══ Input for this task ══
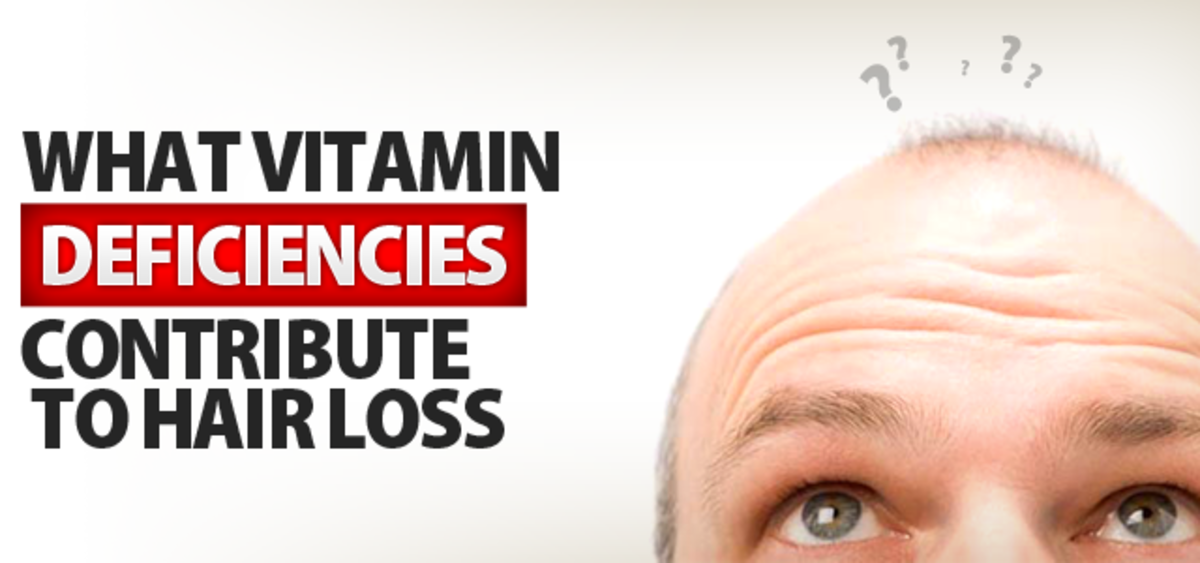 16 Vitamin Deficiencies that Lead to Hair Loss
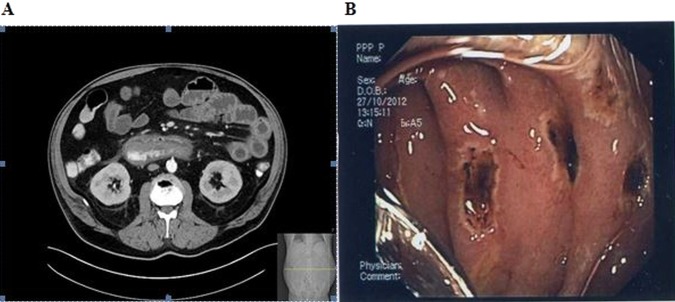 Figure 1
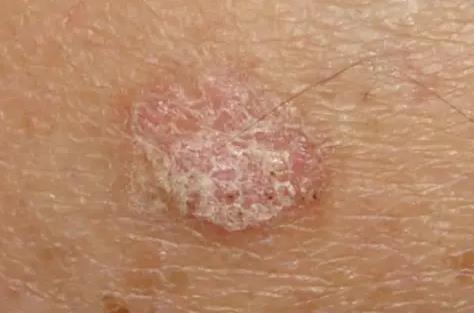 Wart example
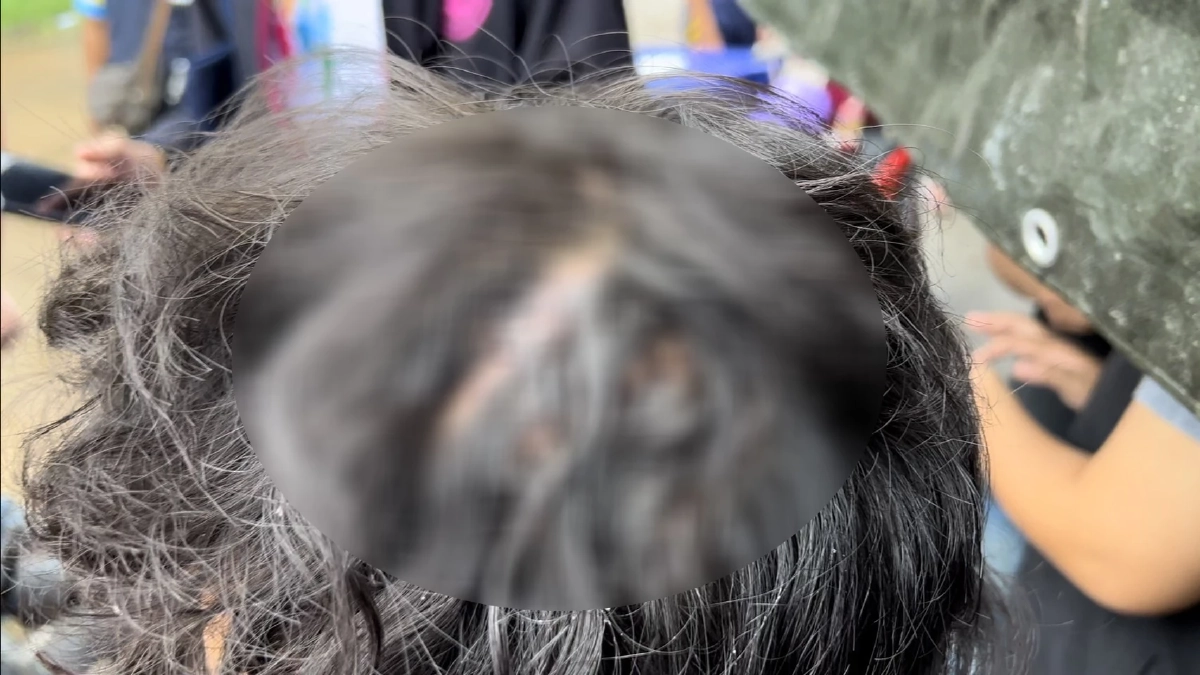 ด.ญ.วัย 14 สุดทน โดน "แม่เลี้ยง" ทำร้าย ตีหัวแตก แผลทั่วตัว  หนีจากบ้านกลางดึก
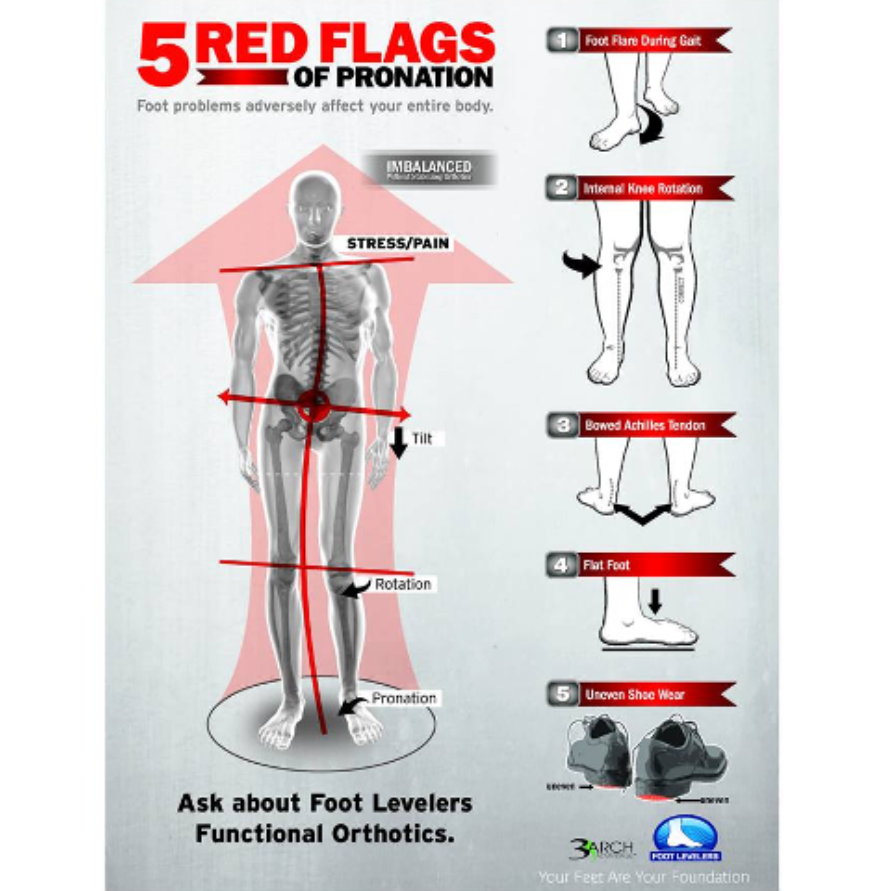 A Diagram Of A Human Figure Pointing The 5 Red Flags Of Pronation — Trinity Family Chiropractic In Cairns, QLD
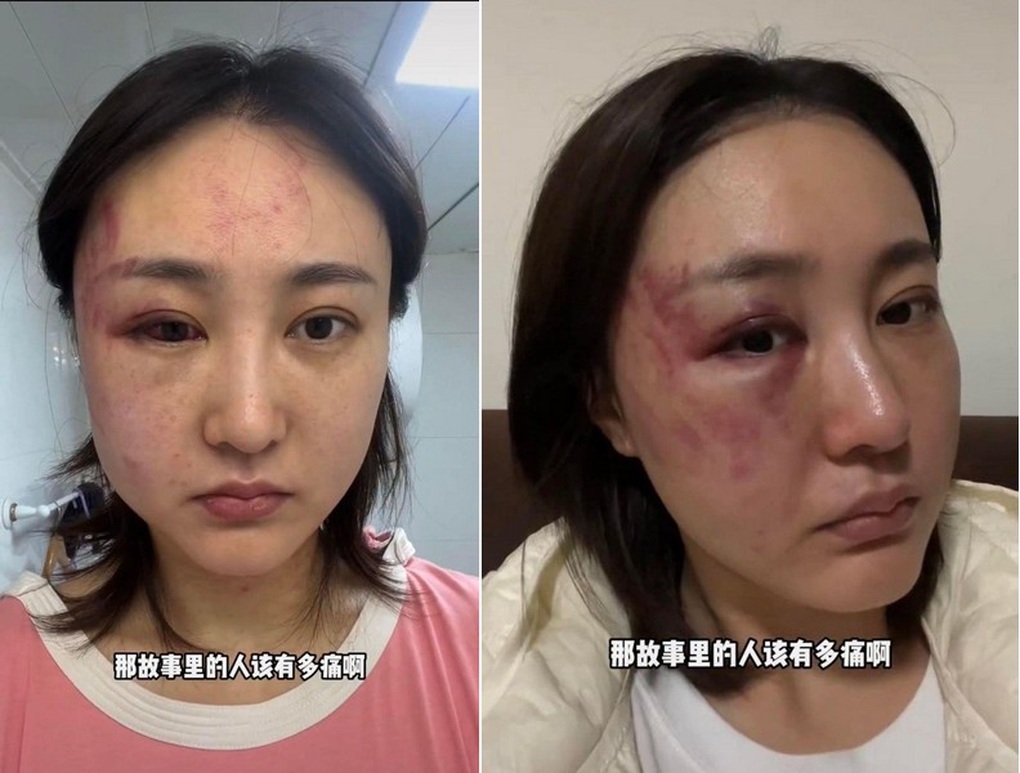 Gương mặt với nhiều vết thương tích sau khi Xu Dabao bị chồng bạo hành (Ảnh: Douyin). Gương mặt với nhiều vết thương tích sau khi Xu Dabao bị chồng bạo hành (Ảnh: Douyin).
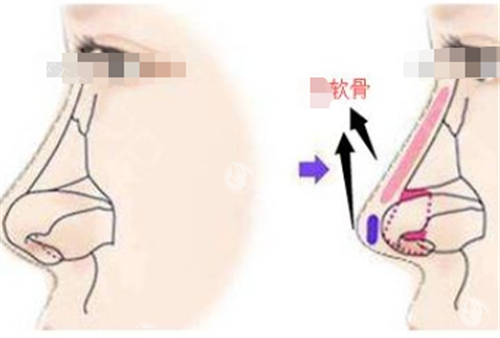南昌韩美美容医院吴涛怎么样？适合网红款还是妈生款？5位患者同项目不同诉求术后评价反馈公布！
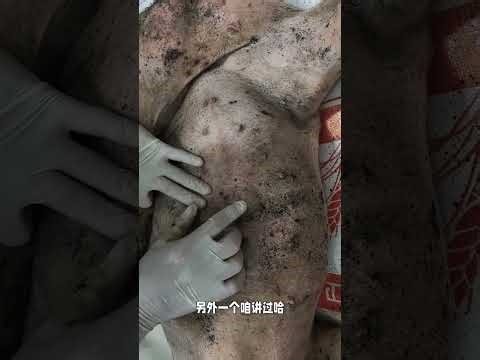 Dead Pig Post-Mortem: The Ultimate Guide to Swine Disease Prevention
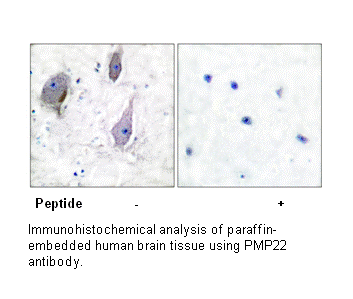 Product image for PMP22 Antibody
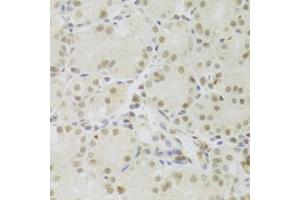 Immunohistochemistry of paraffin-embedded human stomach using PRPF3 Antibody (ABIN5973192) at dilution of 1/100 (40x lens). (PRPF3 antibody)
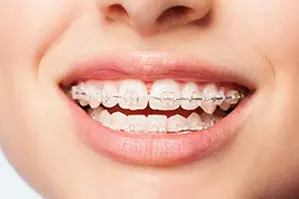 Ein strahlendes Lächeln mit Zahnspange danke der Zahnzusatzversicherung vom Münchener Verein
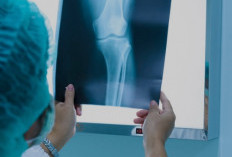 Kenali Perbedaan Tumor Jinak Tulang dan Kanker Tulang: Gejala, Penyebab, dan Penanganannya
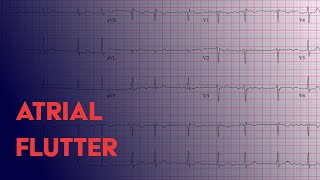 Atrial Flutter  EKG ECG Interpretation [upl. by Yeblehs]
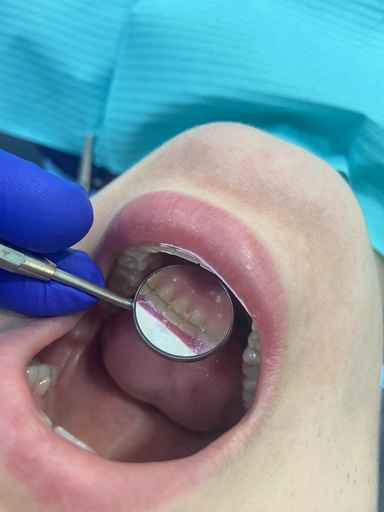 Hygieniste cherche 1-2 jrs sem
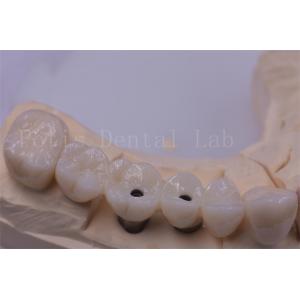 Titanium / Zirconia Dental Crown Silver Polished For Missing Teeth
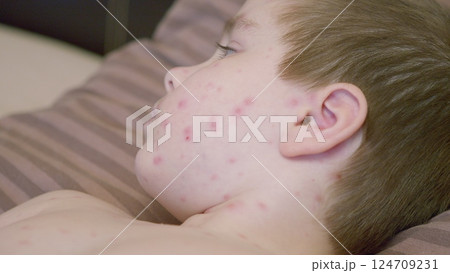 A young child with a skin condition chickenpox is lying down on a sofa, showing deep concern and emotion 124709231
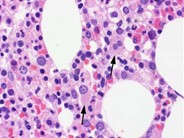 Myeloid Neoplasms. Myelodysplastic Syndrome: Refractory Ctyopenia with Multilineage Dysplasia - 4.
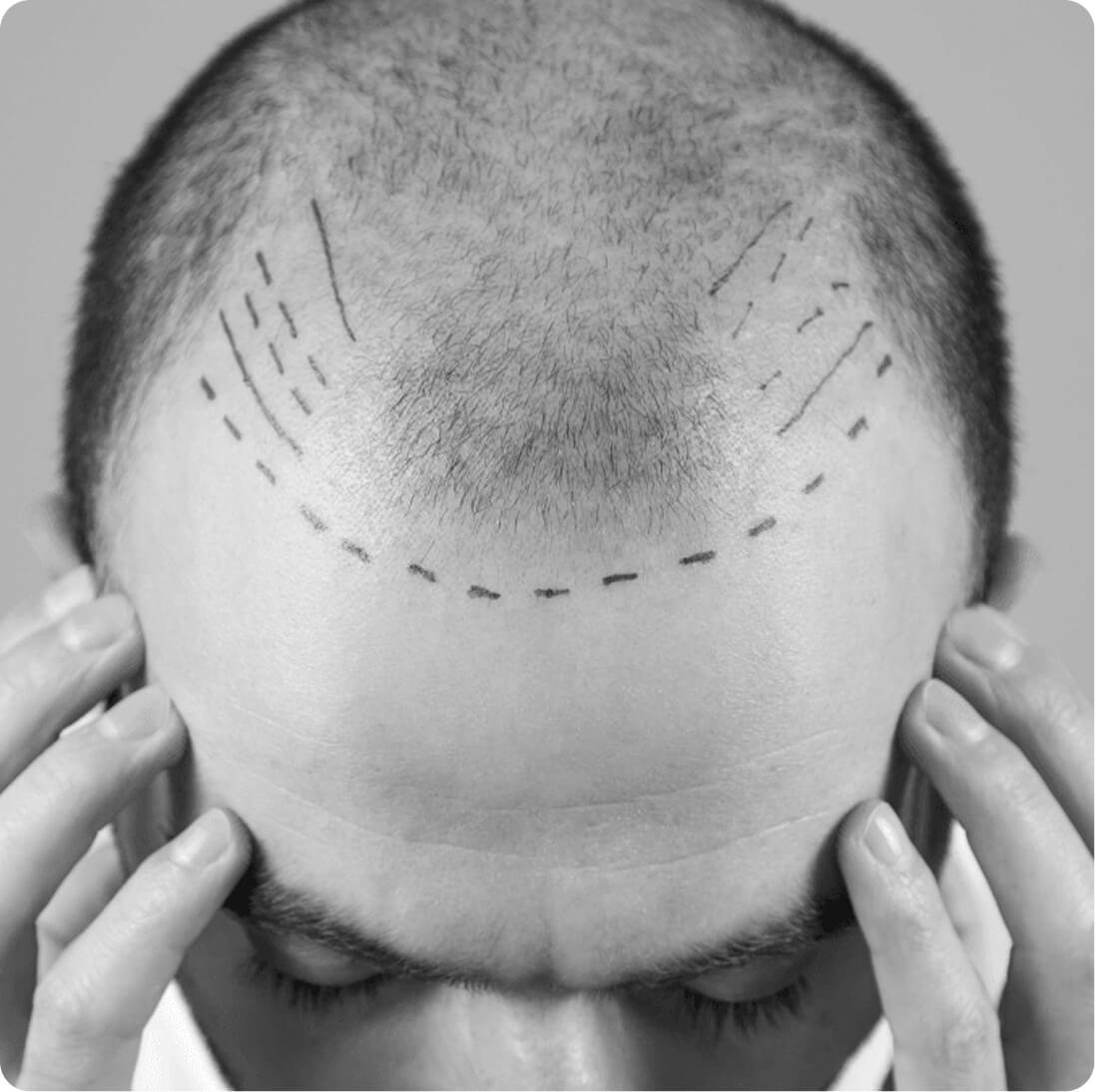 FUE hair transplant result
═══
● **Work required**
What you return must match the lines above from the one with "南昌韩美美容医院吴涛怎么样？" through the one with "Titanium / Zirconia" exactly, with both ends included and the pictures excluded.

● **Answer**
南昌韩美美容医院吴涛怎么样？适合网红款还是妈生款？5位患者同项目不同诉求术后评价反馈公布！
 Dead Pig Post-Mortem: The Ultimate Guide to Swine Disease Prevention
 Product image for PMP22 Antibody
 Immunohistochemistry of paraffin-embedded human stomach using PRPF3 Antibody (ABIN5973192) at dilution of 1/100 (40x lens). (PRPF3 antibody)
 Ein strahlendes Lächeln mit Zahnspange danke der Zahnzusatzversicherung vom Münchener Verein
 Kenali Perbedaan Tumor Jinak Tulang dan Kanker Tulang: Gejala, Penyebab, dan Penanganannya
 Atrial Flutter  EKG ECG Interpretation [upl. by Yeblehs]
 Hygieniste cherche 1-2 jrs sem
 Titanium / Zirconia Dental Crown Silver Polished For Missing Teeth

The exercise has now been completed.